Global leaders from Africa and the Caribbean gathered in Accra this week to advance the rapidly accelerating campaign for slavery reparations.
The high-level conference follows a historic, non-binding United Nations resolution declaring the transatlantic slave trade the gravest crime against humanity.
Pushed heavily by Ghanaian President John Mahama, the resolution won immense international backing from 123 member states this past March.
Ghana’s Foreign Minister Samuel Ablakwa stated that the global push for reparatory justice has now gathered truly unprecedented political momentum.
The landmark resolution demands that former colonial powers engage in active restitution and financial compensation rather than simple symbolic gestures.
Once a prominent hub for slave trading, Ghana is consciously transitioning into a global sanctuary for historical healing and justice.

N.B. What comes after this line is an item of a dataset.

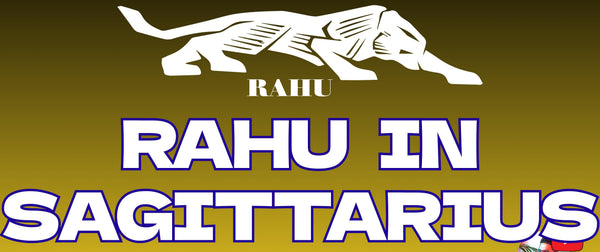 Rahu in Sagittarius: Success Through Spiritual and Intellectual Growth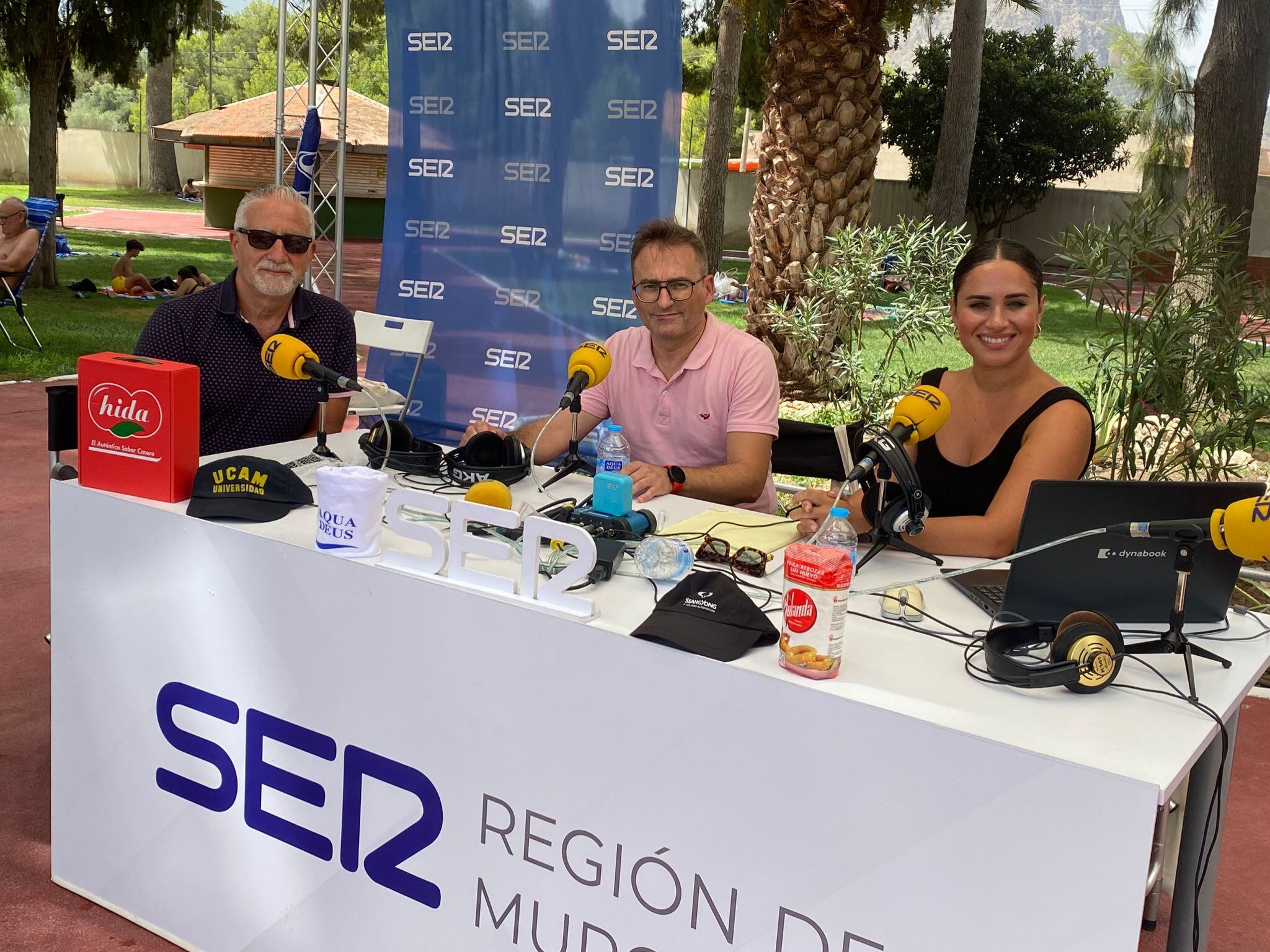 La Radio al Sol 2023 desde Cieza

President Mahama announced three specialized working panels to explore legal pathways, expert restitution frameworks, and strategic intergovernmental advisory policies.
Prominent global figures, including Nigerian Nobel laureate Wole Soyinka, emphasized that meaningful reparations must move far beyond mere political apologies.
Soyinka urged delegates to restore historical memory while simultaneously confronting modern human rights failures and human commodification across the continent.
French President Emmanuel Macron addressed the conference, acknowledging the issue while cautioning that history cannot be reduced to financial logic.
Concurrently, Pope Leo XIV issued a profound apology for the Catholic Church’s centuries-long delay in forcefully condemning the slave trade.
Delegates are demanding structured compensation funds, extensive debt cancellation, and the immediate return of thousands of looted African cultural artifacts.